My name is Brandon Hobson and I’m the author of Where the Dead Sit Talking, one of the novels selected for the HPPR Radio Readers Book Club’s 2019 Fall Read.
Where the Dead Sit Talking is about a 15 year old Cherokee boy named Sequoyahh who is placed in foster care. Literally and figuratively scarred by his mother’s years of substance abuse, he keeps mostly to himself, living with his emotions pressed deep beneath the surface or at least until he meets 17-year-old Rosemary, a troubled artist, also living with the family.
They bond over their shared Native American background and tumultuous past in the foster care system.
Both Sequoyah and Rosemary – and George who is another kid in this foster home – all have troubled backgrounds as so many kids do. They end up – their social workers place them in foster homes for safety. That’s the best place for them. Sequoyah and Rosemary has both been in juvenile detention and in and out of foster homes.
George – it’s very vague what his background is. He was living with grandparents, he tells us. George is not Native. But George was living with grandparents and receives letters from them while they are on vacation while he is in foster care.
A lot of the book is about obsession. Sequoyah develops a very dangerous obsession with Rosemary. In a way, it could even be sort of a horror novel in that he has these very dangerous feelings. Does he want to hurt her? Does he want to hurt himself? There is a scene where he is in her room. He goes through her things. He tries on her clothes. He is, like a lot of 15 year old teens, he is exploring himself and his identity.
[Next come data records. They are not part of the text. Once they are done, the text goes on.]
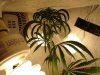 DSC01880.jpg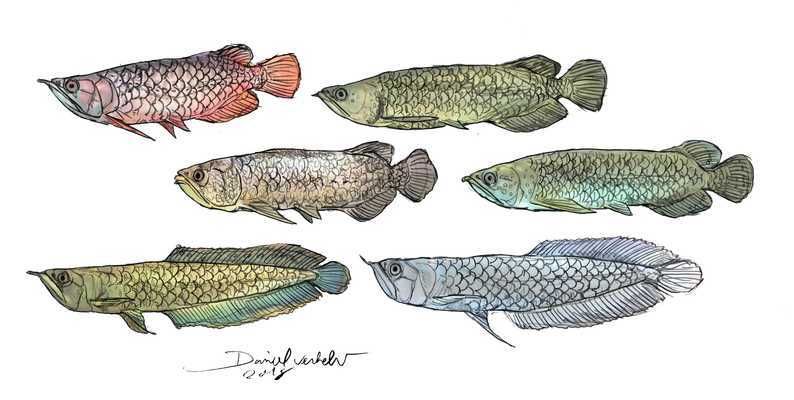 可以給龍魚缸下慶大霉素：巨骨舌魚和龍魚哪個厲害巨骨舌魚和龍魚哪個厲害巨骨舌魚
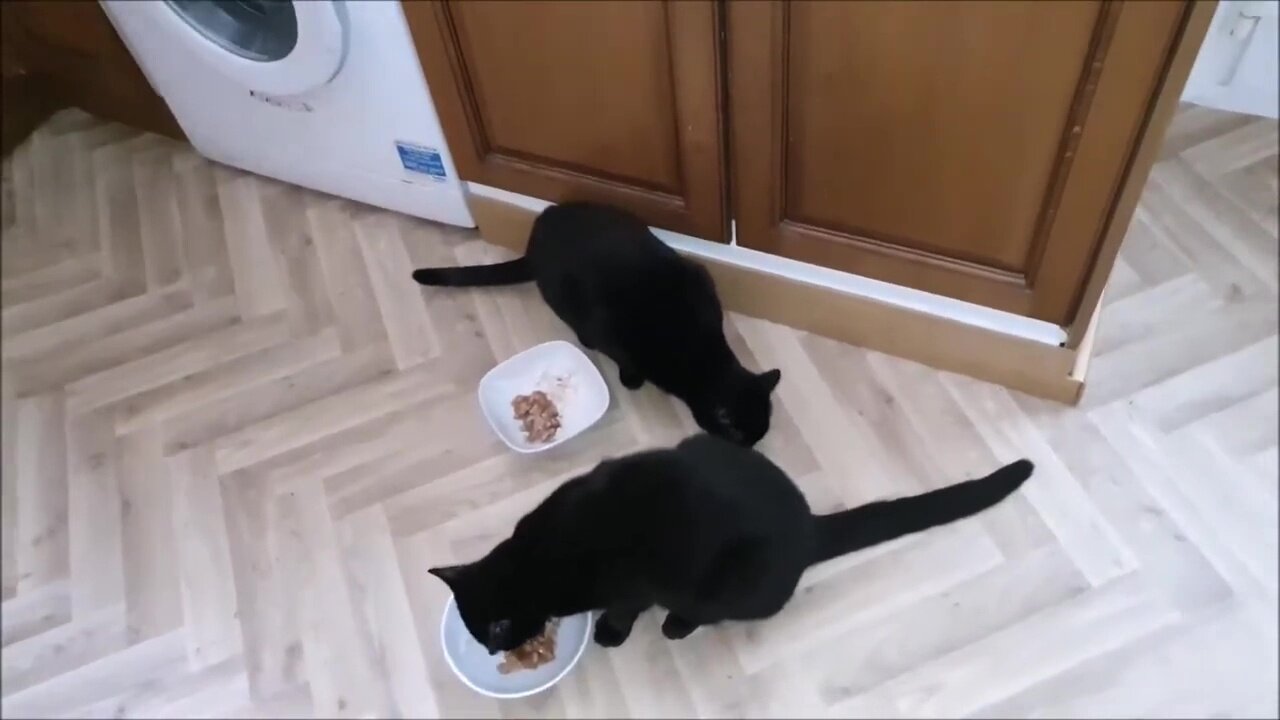 Kittens feeding time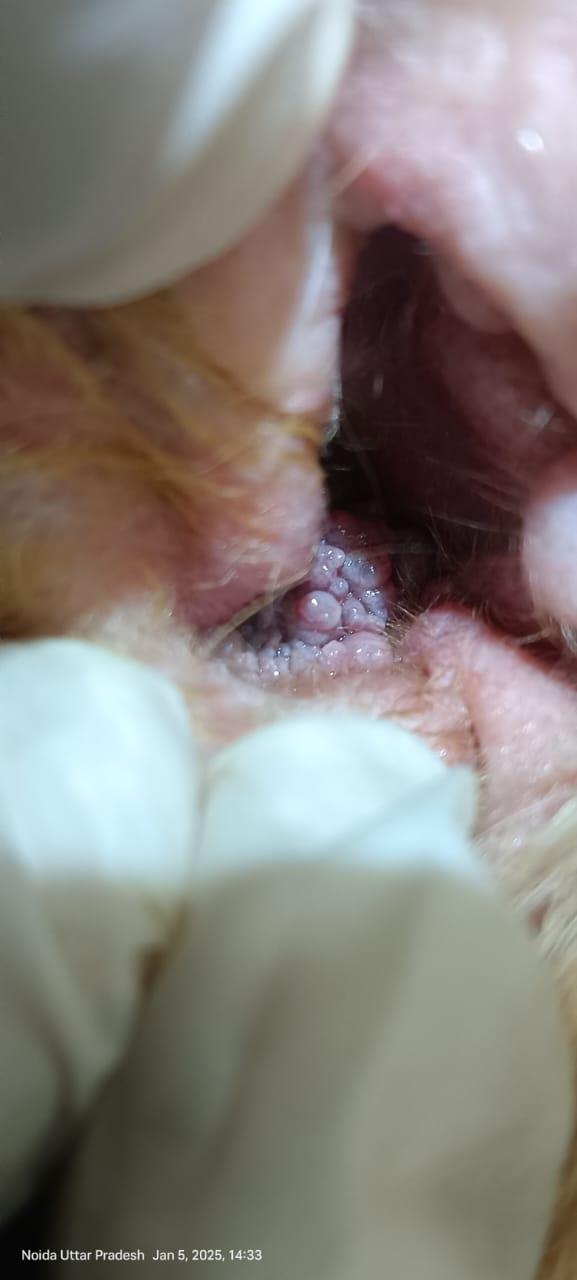 update image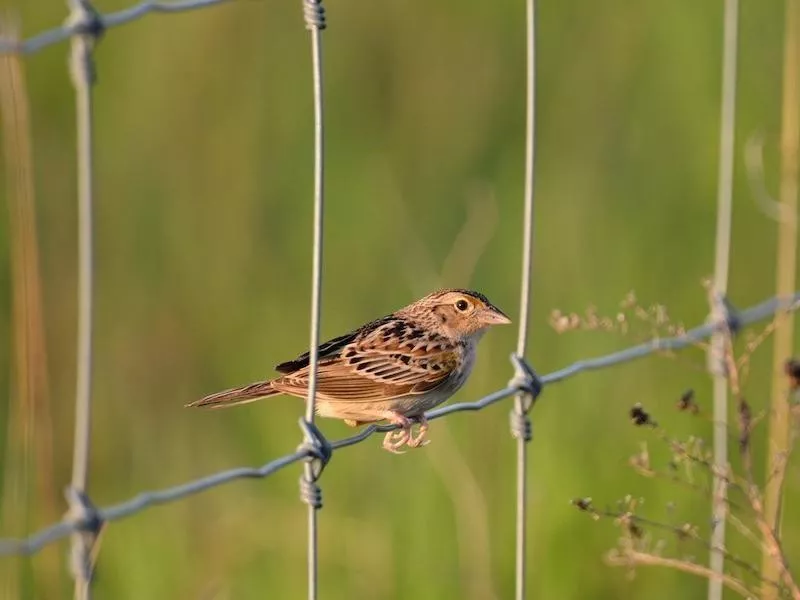 Grasshopper Sparrow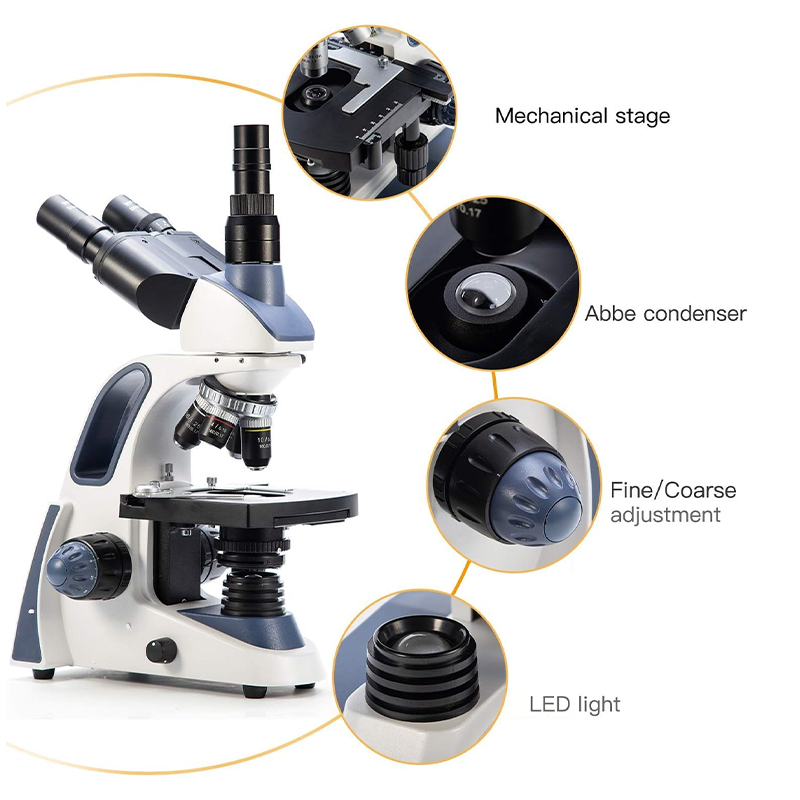 SWIFT SW380T Compound Trinocul - đánh giá và giá Microscope Compound 40X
Well, in the book, Rosemary has very much a power over Sequoyah. He reallly looks up to her. He looks up to her as a sort of big sister in a way. He develops that connection and in a very strange way, he wants to become Rosemary which is why he goes through her things when she’s not there. Yet, he is sort of submissive to her as a type of younger sibling.
The book is set in 1989 I was thinking about the 1980s culture in terms of music, of androgeny, in terms of pop culture – David Bowie, and in a way, Sequoyah, who is also interested in androgeny. I hope readers find these two characters part of a very interesting story. I hope it inspires some discussion of the foster care systsem an I hope that it lends itself to a great story.
This has been Brandon Hobson, author of Where the Dead Sit Talking, one of the novels selected for the HPPR Radio Readers Book Club’s 2019 Fall Read. Thank you for listening.